§ Work item
Leaving out the pictures, please reproduce exactly and only the lines from the one that contains "14K Gelbgold Ram Kopf Creolen" through the last line below.

§ Excerpted records

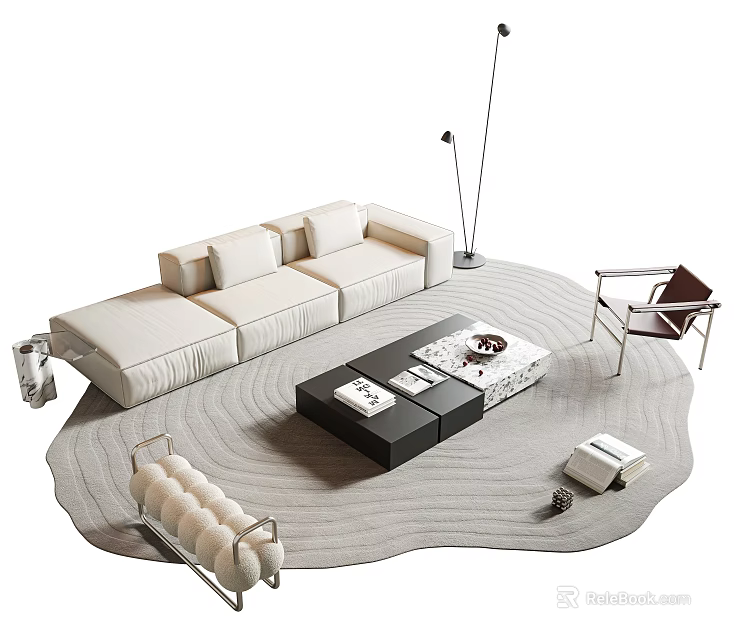 Modern White Sofa And Black Coffee Table Set With Light Gray Rug Chair Floor Lamp 3d model 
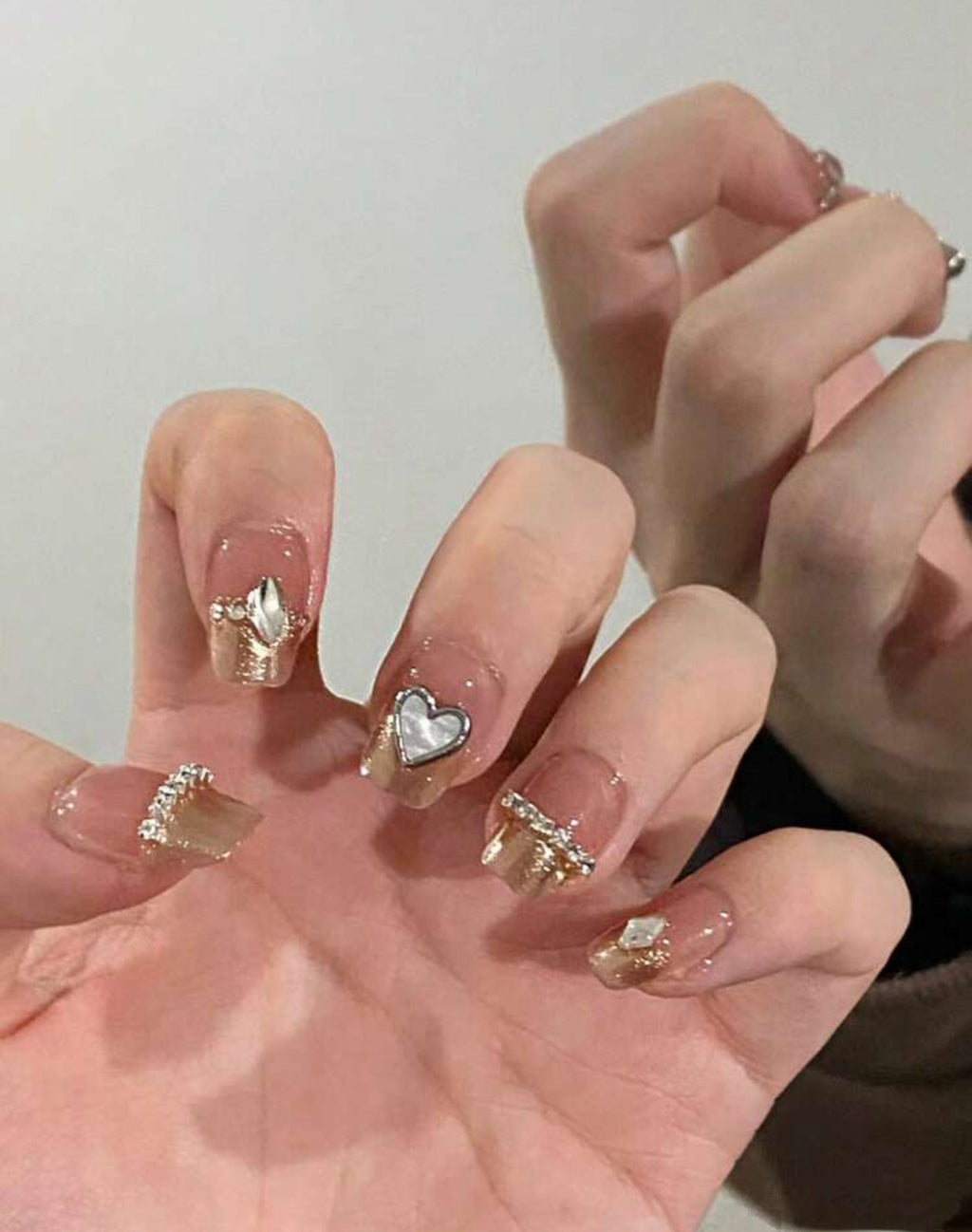 Faux Ongles Motif Cœur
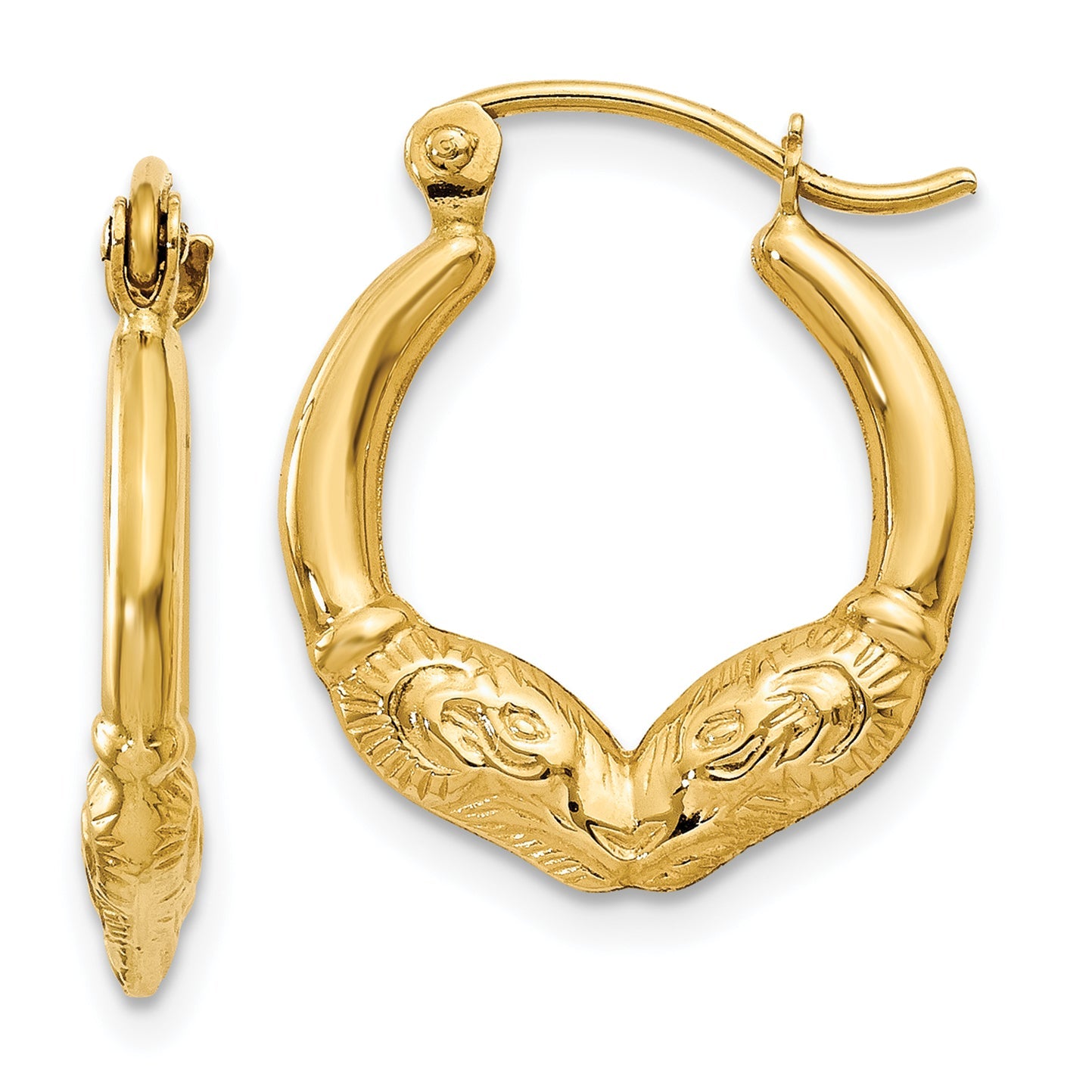 14K Gelbgold Ram Kopf Creolen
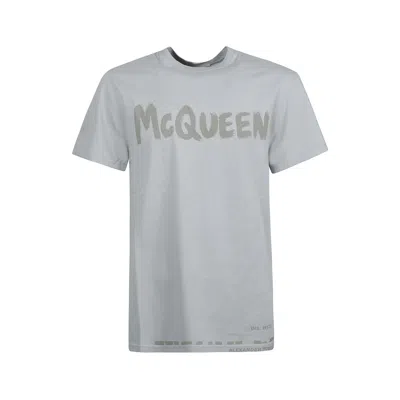 Alexander Mcqueen Logo T-shirt In Gray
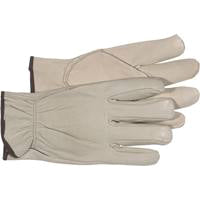 BOSS 4067M Driver Gloves, Men's, M, Keystone Thumb, Open, Shirred Elastic Back Cuff, Cowhide Leather, Natural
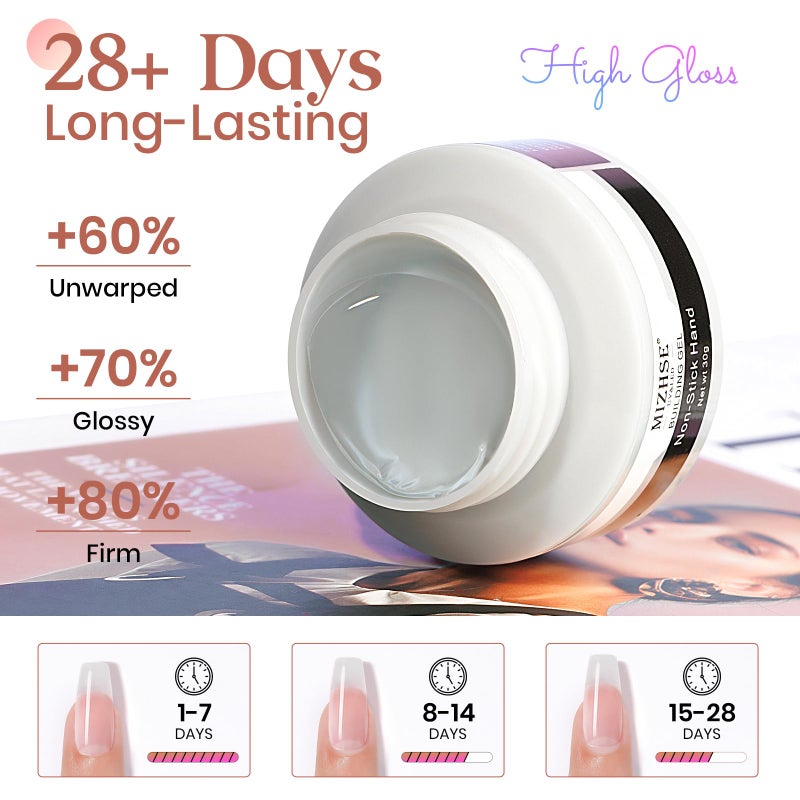 MIZHSE Clear Solid Builder Gel For Nails, 30g Non-Sticky Nail Extension Hard Builder Gel, Nail Strengthen 3D Sculpting Nail Art for Carving Modeling Soak Off Manicure Home - Image 4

§ Reply
 14K Gelbgold Ram Kopf Creolen
 Alexander Mcqueen Logo T-shirt In Gray
 BOSS 4067M Driver Gloves, Men's, M, Keystone Thumb, Open, Shirred Elastic Back Cuff, Cowhide Leather, Natural
 MIZHSE Clear Solid Builder Gel For Nails, 30g Non-Sticky Nail Extension Hard Builder Gel, Nail Strengthen 3D Sculpting Nail Art for Carving Modeling Soak Off Manicure Home - Image 4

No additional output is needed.